Our recent visit to the Norman Rockwell Museum in Stockbridge, MA, brought us face to face with some of the artist's most renowned works. Perhaps none of those pieces are more recognized or painted with such care as his "Four Freedoms" series.
The Four Freedoms were given voice in an address by President Franklin D. Roosevelt in 1941 as much of the world was at war and within a year, the U.S. would be as well. He proposed four basic freedoms that "people everywhere in the world" ought to enjoy: Freedom of Speech, Freedom of Worship, Freedom from Want and Freedom from Fear. Two of these freedoms (religion and speech) are protected in the U.S. Constitution by the First Amendment.
Rockwell was already a respected and well-known artist when Roosevelt made the Four Freedoms speech. As part of a career that would later include numerous paintings depicting World War II on both the home front and war zone settings, he viewed interpreting them in illustration as a wonderful opportunity. While he was considered apolitical, he had strong feelings regarding kindness and humanity, feelings he would repeatedly express in his work.
The paintings were done in 1943, two years after the speech and after America entered the war. The series took seven months to complete. Rick calls them "the icons" and they are, representing both popularity and achievement. Measuring about 46x35 inches, the paintings were not only featured in "Saturday Evening Post" but went on a touring exhibition that accompanied the sale of war bonds, raising more than $132 million.
That said, the Office of War Information was a reluctant participant until after the paintings were published in the Post and the requests for reprints was overwhelming.
The series was inspired not only by Roosevelt's words but from a town meeting Rockwell had attended during which a man stood up to express a dissenting opinion and was respectfully listened to. This became the setting for "Freedom of Speech," using neighbor Jim Martin as his model.
He used both live models and photographs. "Freedom from Want" has become known as "The Thanksgiving Painting" and included Rockwell's family members and friends at home in Arlington, Vermont. It is the family's cook who is seen serving the turkey. The painting was done using photographs of the models.
Jim Martin, who is seen in this painting sitting next to the little girl near the head of the table on the left was a frequently used model and is in all four paintings, most prominently in "Freedom from Fear," acting as the father.
In the scene, a couple holding a newspaper with the day's frightening headlines as they watch over their sleeping child.
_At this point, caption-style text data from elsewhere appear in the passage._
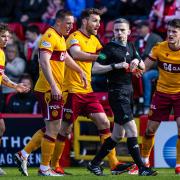 Referee Craig Napier shows Motherwell's Jack Vale a red card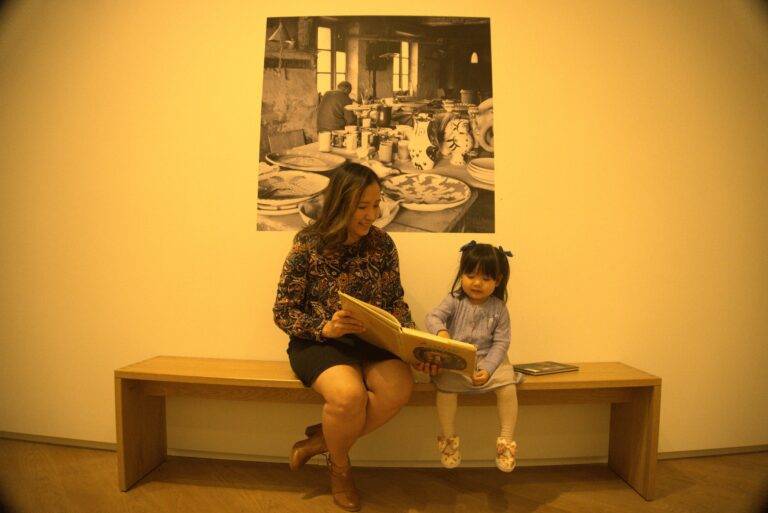 A mother and daughter reading a book together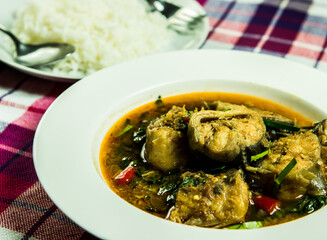 Fried cat fish with chili paste in plate, in door  Chiangmai Thailand
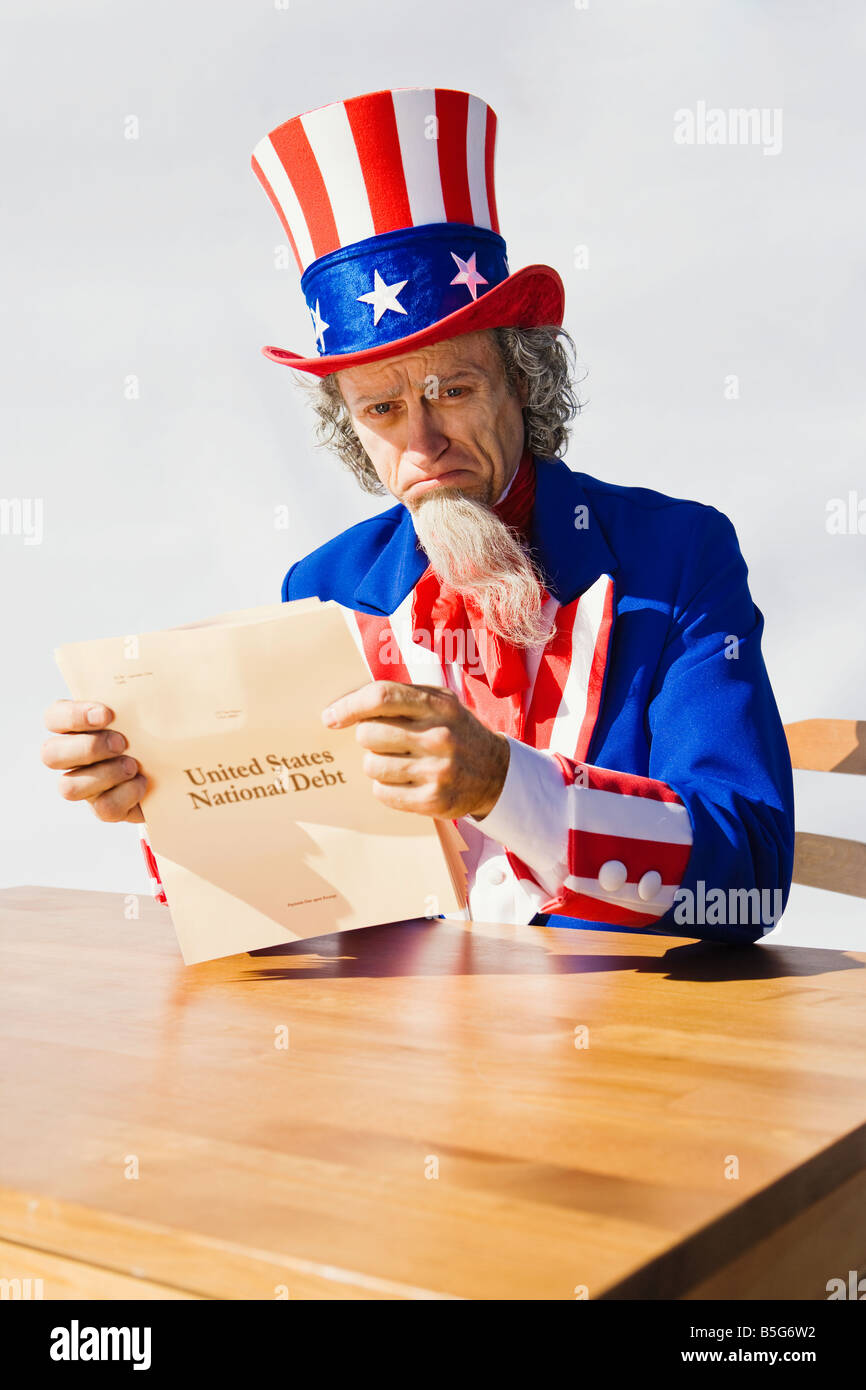 Portrait of Uncle Sam sitting at a table with tears in his eyes while reading the National Debt Stock Photo
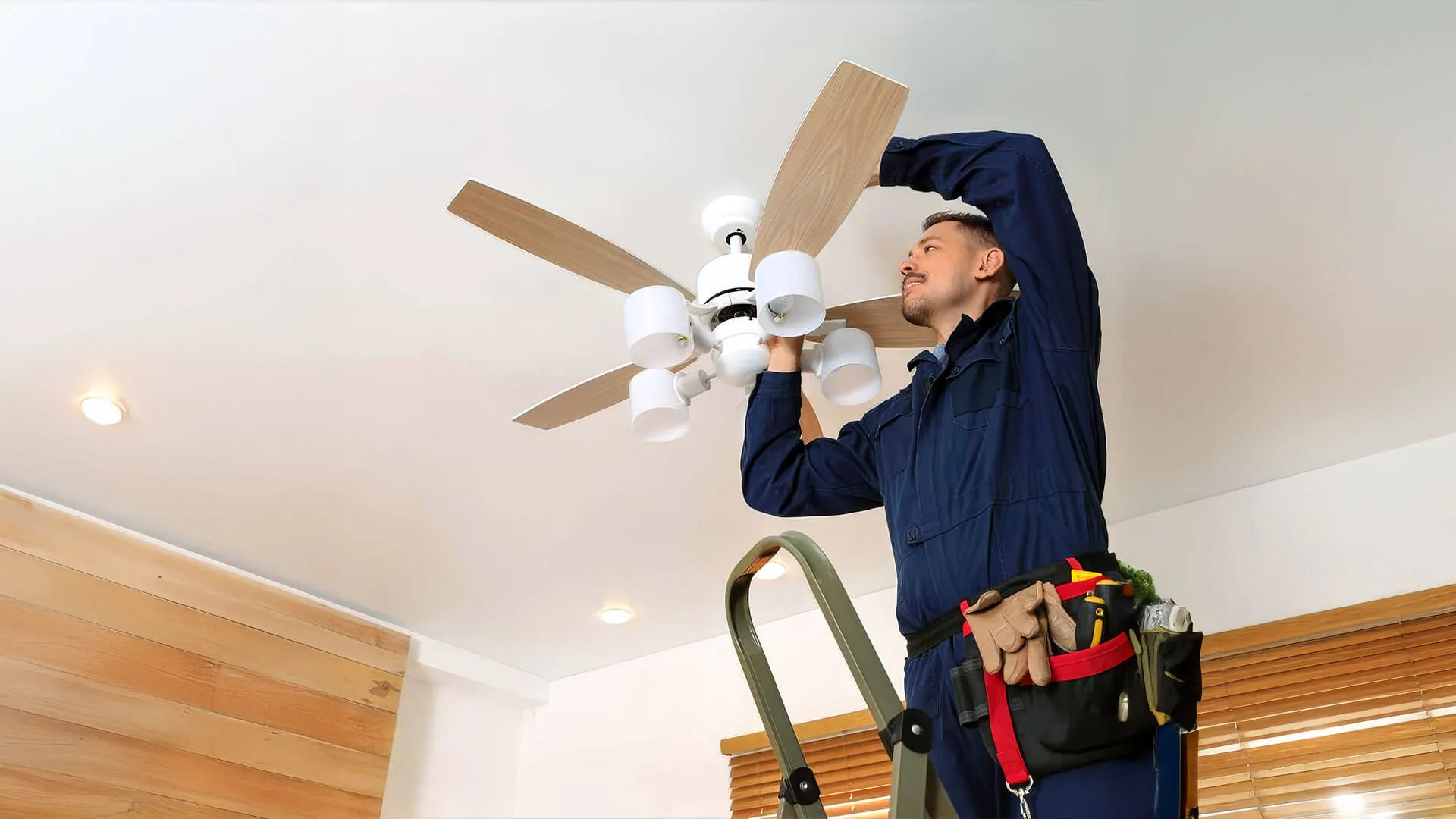Licensed electrician installing a ceiling fan in a Gold Coast home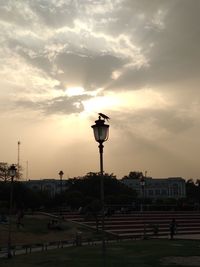 Street lights against sky at sunset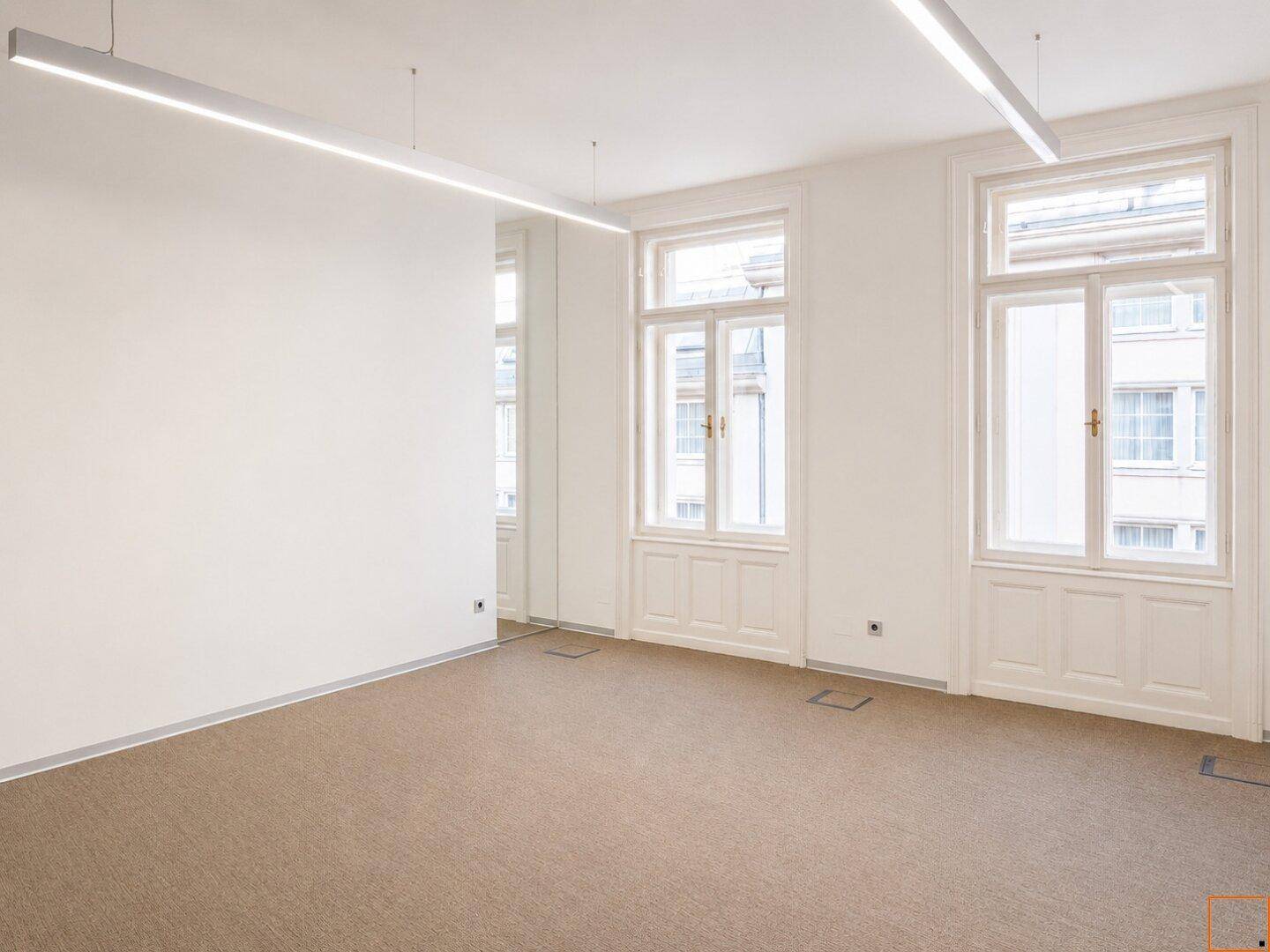 Leerer Büroraum mit Teppichboden, großen Fenstern und reflektierenden Wänden, die den Raum erweitern.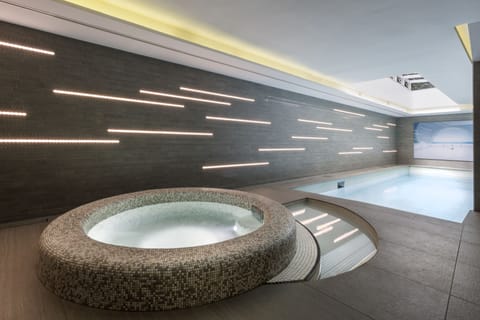 Indoor pool, open 9:00 AM to 10:00 PM, sun loungers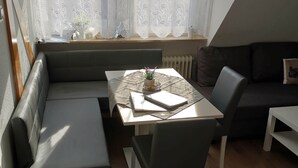 Ett mysigt rum med ett matbord, en bänk och en soffa. Det finns två fönster med gardiner, ett element och en hylla med dekorativa föremål.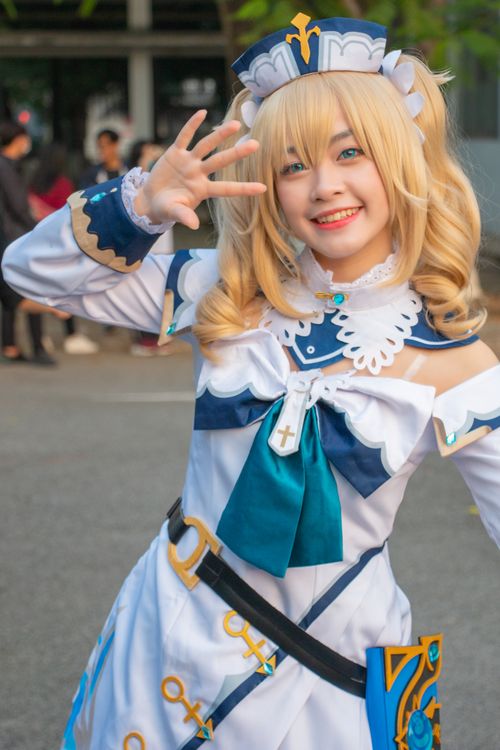 Free Cheerful cosplayer in detailed anime costume smiling and posing outdoors with vibrant energy. Stock Photo
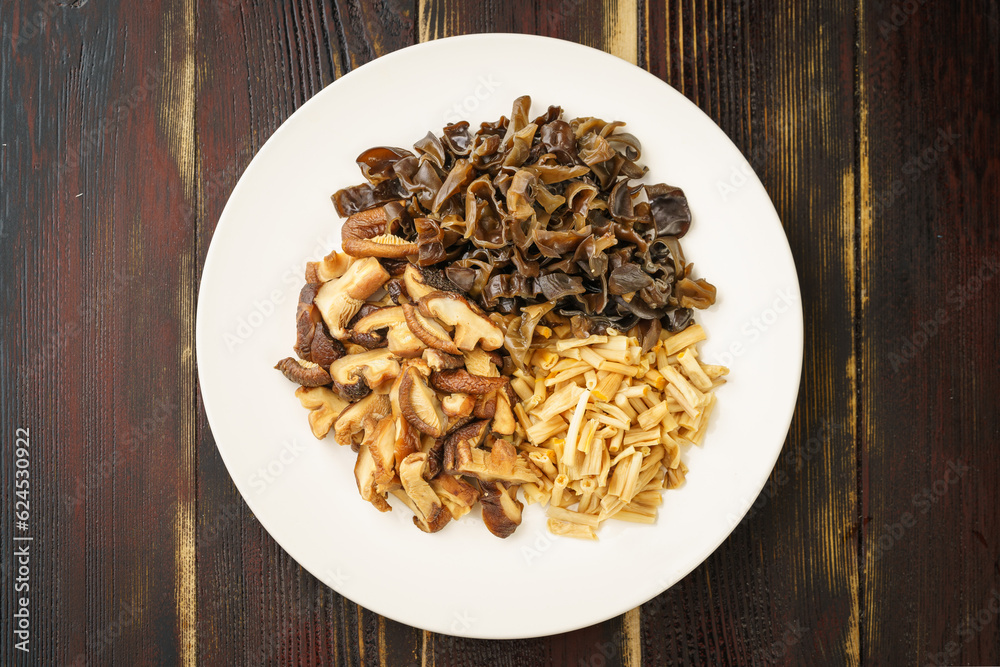 Various dried mountain delicacies on a monochrome background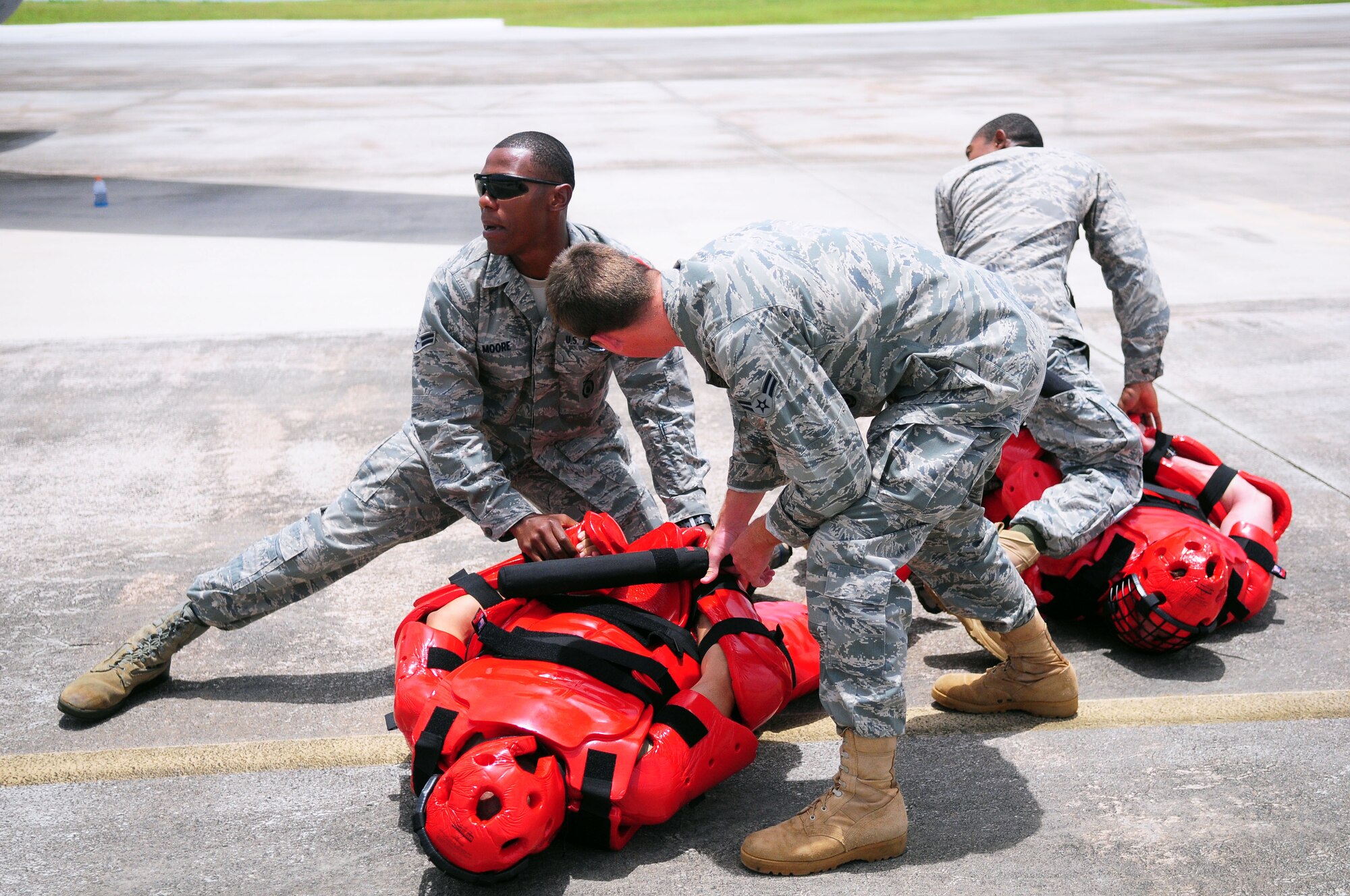 ANDERSEN AIR FORCE BASE, Guam ? 26 Airmen from the 736th Security Forces Squadron receive Fly-Away Training from a team of Pacific Air Forces instructors on the flightline, Aug. 6. The training teaches Airmen to judge every situation individually and react with an appropriate degree of force. (U.S. Air Force photo by Airman Julian North)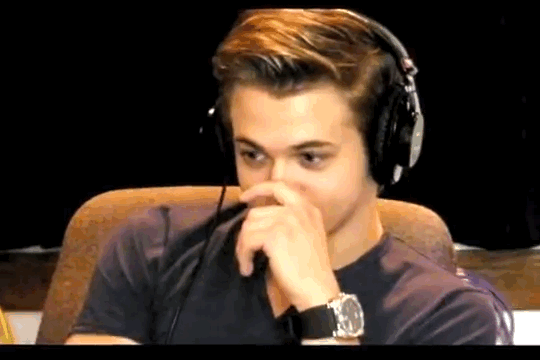 Man In Headphones Covering Nose With Hand GIF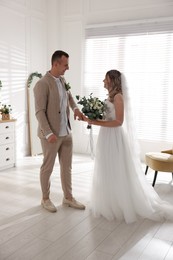 Happy groom and bride with bouquet indoors. Wedding day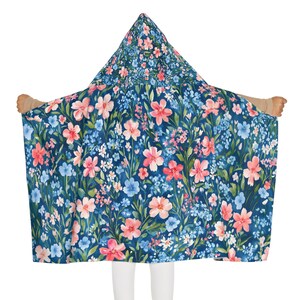 May include: A hooded blanket featuring a dark blue background with a vibrant floral pattern of pink, light blue, and white flowers with green leaves. The hooded garment displays a repeating botanical print across the entire fabric surface.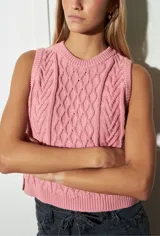 Chaleco sin mangas de tejido de punto color rosado, con cuello redondo y punto trenzado (ochos) en el frente. Presenta un borde acanalado en el ruedo.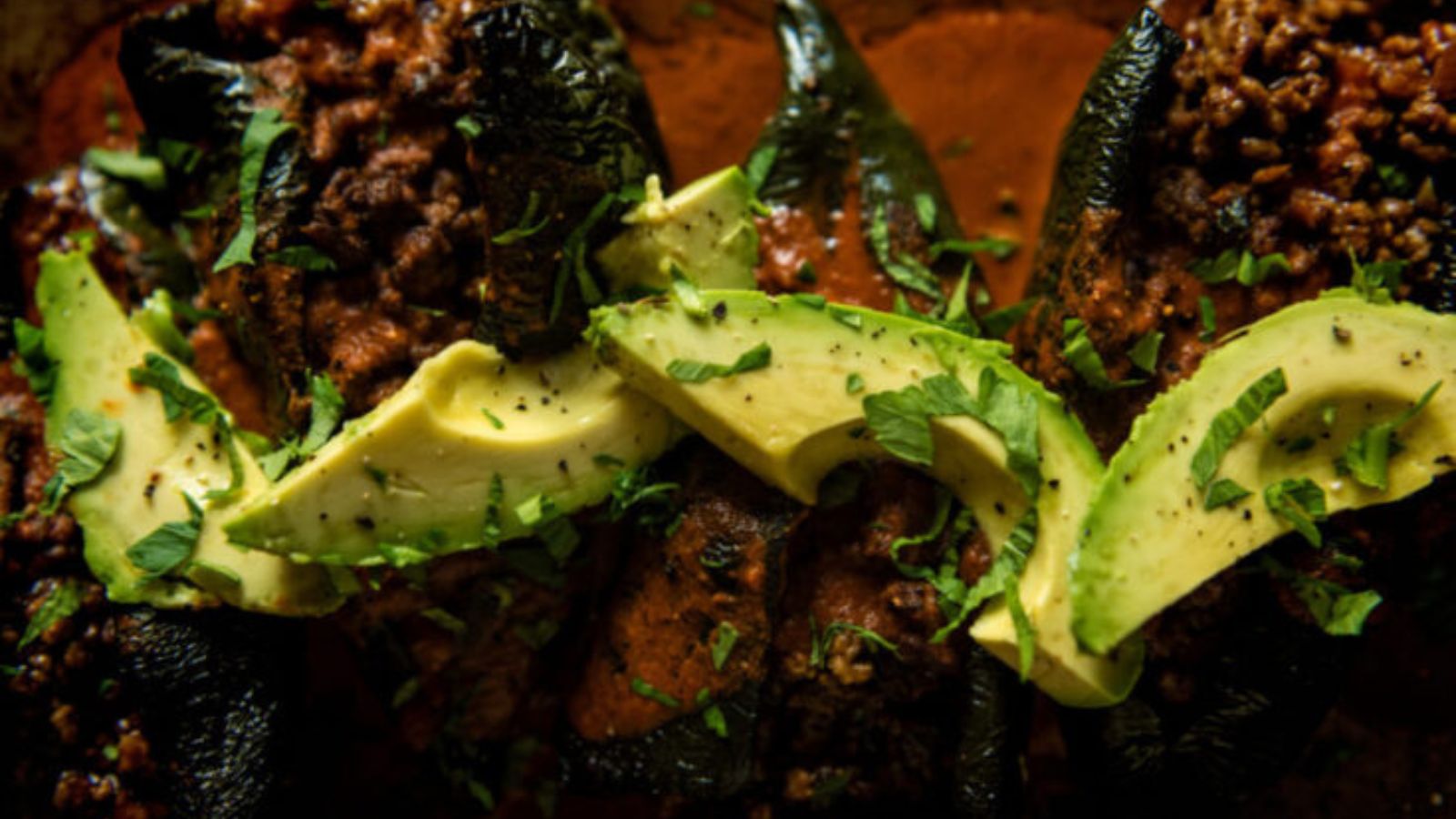 Stuffed poblano peppers smoked with enchilada filling until bubbling.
"Freedom of Worship" was considered the most controversial, featuring a number of faiths in prayer together. But by and large, the series was a success because the paintings spoke to the public in a way they could understand, using the values of unity and respect. Because the demographics of the "Saturday Evening Post" did not, at the time, have a large African-American or Islamic readership, the black woman and the gentleman in the Fez are in the corners of the painting, present but more discreet.
Whether one considered Rockwell "corny" or "down home" or a skilled artist adept at chronicling daily life, the public welcomed the works, which were to become the artist's most famous.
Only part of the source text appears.